▽

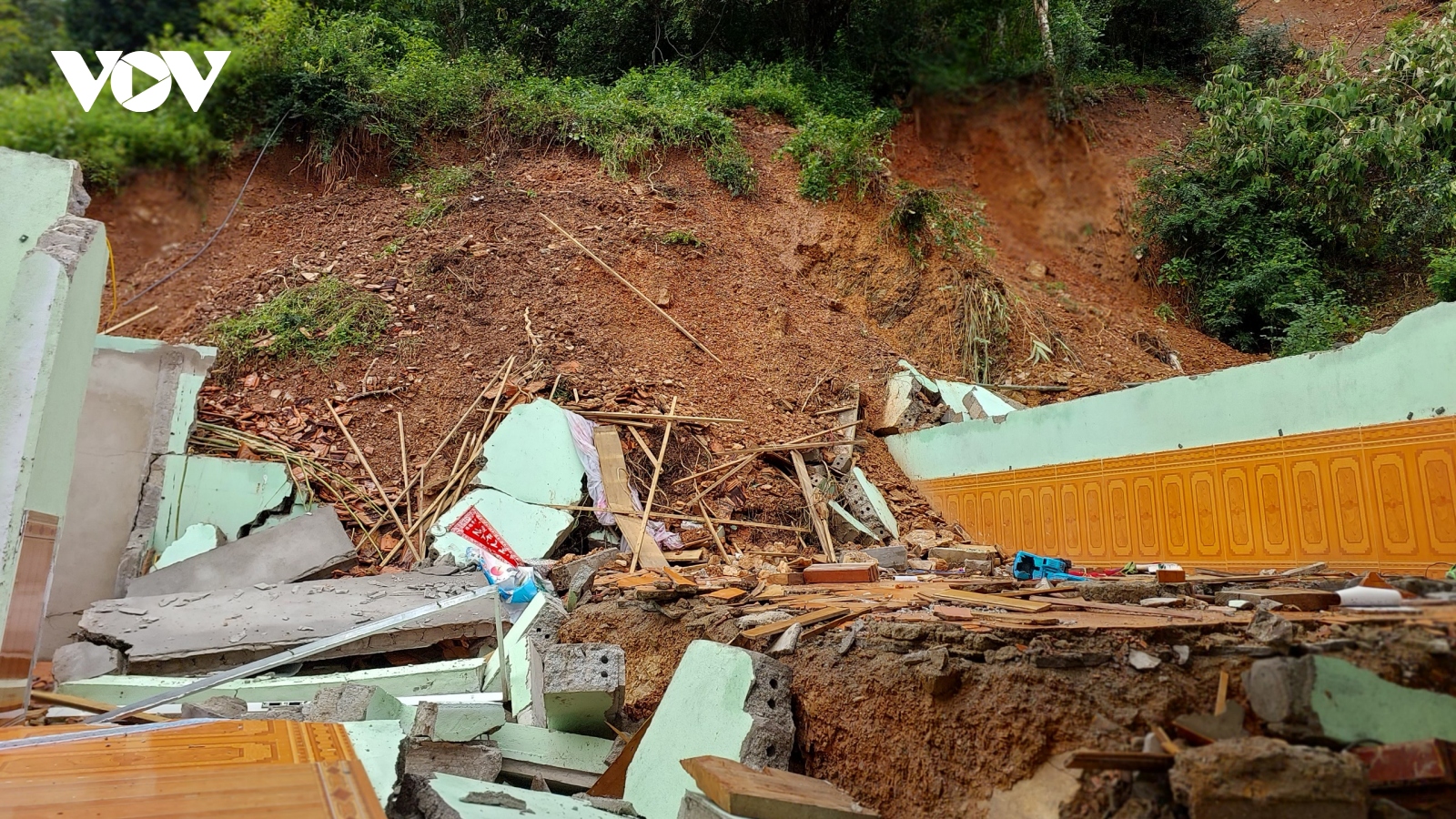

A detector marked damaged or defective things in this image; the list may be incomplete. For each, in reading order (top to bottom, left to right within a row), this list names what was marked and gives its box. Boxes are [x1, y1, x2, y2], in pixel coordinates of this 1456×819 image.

broken concrete block [50, 638, 122, 682]
broken concrete wall slab [39, 335, 215, 652]
broken concrete block [179, 691, 250, 716]
broken concrete wall slab [149, 451, 297, 553]
broken concrete block [129, 504, 359, 592]
broken concrete wall slab [128, 504, 360, 592]
broken concrete wall slab [56, 650, 489, 702]
broken concrete wall slab [78, 571, 500, 672]
broken concrete block [78, 571, 500, 672]
broken concrete block [404, 734, 506, 774]
broken concrete block [408, 693, 510, 740]
broken concrete wall slab [425, 486, 573, 565]
broken concrete block [428, 486, 576, 565]
broken concrete block [404, 769, 626, 815]
broken concrete wall slab [408, 769, 622, 815]
broken concrete block [480, 396, 588, 504]
broken concrete wall slab [480, 396, 588, 504]
broken concrete block [532, 638, 629, 734]
broken concrete block [620, 638, 792, 815]
broken concrete wall slab [620, 638, 792, 815]
broken concrete block [855, 544, 903, 571]
broken concrete block [925, 544, 996, 565]
broken concrete block [1077, 577, 1153, 602]
broken concrete block [1165, 734, 1369, 815]
broken concrete block [1246, 652, 1456, 743]
broken concrete wall slab [1246, 652, 1456, 743]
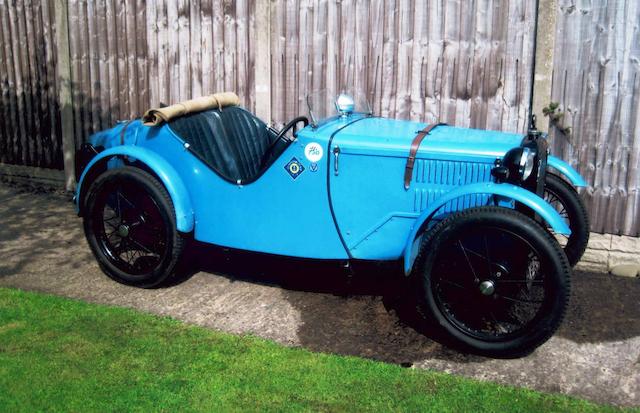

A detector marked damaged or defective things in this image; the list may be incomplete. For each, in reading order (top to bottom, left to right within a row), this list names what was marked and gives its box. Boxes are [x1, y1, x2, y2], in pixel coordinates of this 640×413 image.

△

-- Work instruction --
Copy the listing word for word, excluding its pictures.

-- Output of the task --
A detector marked damaged or defective things in this image; the list may be incomplete. For each, in reading order (top to bottom, left to right within a row), this list names what was marked and gives its box. Boxes are [x1, y1, x2, y2], in pixel coordinates of this 1456×819 image.

broken concrete block [50, 638, 122, 682]
broken concrete wall slab [39, 335, 215, 652]
broken concrete block [179, 691, 250, 716]
broken concrete wall slab [149, 451, 297, 553]
broken concrete block [129, 504, 359, 592]
broken concrete wall slab [128, 504, 360, 592]
broken concrete wall slab [56, 650, 489, 702]
broken concrete wall slab [78, 571, 500, 672]
broken concrete block [78, 571, 500, 672]
broken concrete block [404, 734, 506, 774]
broken concrete block [408, 693, 510, 740]
broken concrete wall slab [425, 486, 573, 565]
broken concrete block [428, 486, 576, 565]
broken concrete block [404, 769, 626, 815]
broken concrete wall slab [408, 769, 622, 815]
broken concrete block [480, 396, 588, 504]
broken concrete wall slab [480, 396, 588, 504]
broken concrete block [532, 638, 629, 734]
broken concrete block [620, 638, 792, 815]
broken concrete wall slab [620, 638, 792, 815]
broken concrete block [855, 544, 903, 571]
broken concrete block [925, 544, 996, 565]
broken concrete block [1077, 577, 1153, 602]
broken concrete block [1165, 734, 1369, 815]
broken concrete block [1246, 652, 1456, 743]
broken concrete wall slab [1246, 652, 1456, 743]

A detector marked damaged or defective things in this image; the list may be incomplete. For each, in reading order (top to bottom, left to right within a row), this list names what was marked and gives its box. Boxes are [x1, y1, x2, y2], in pixel coordinates of this 640×413 image.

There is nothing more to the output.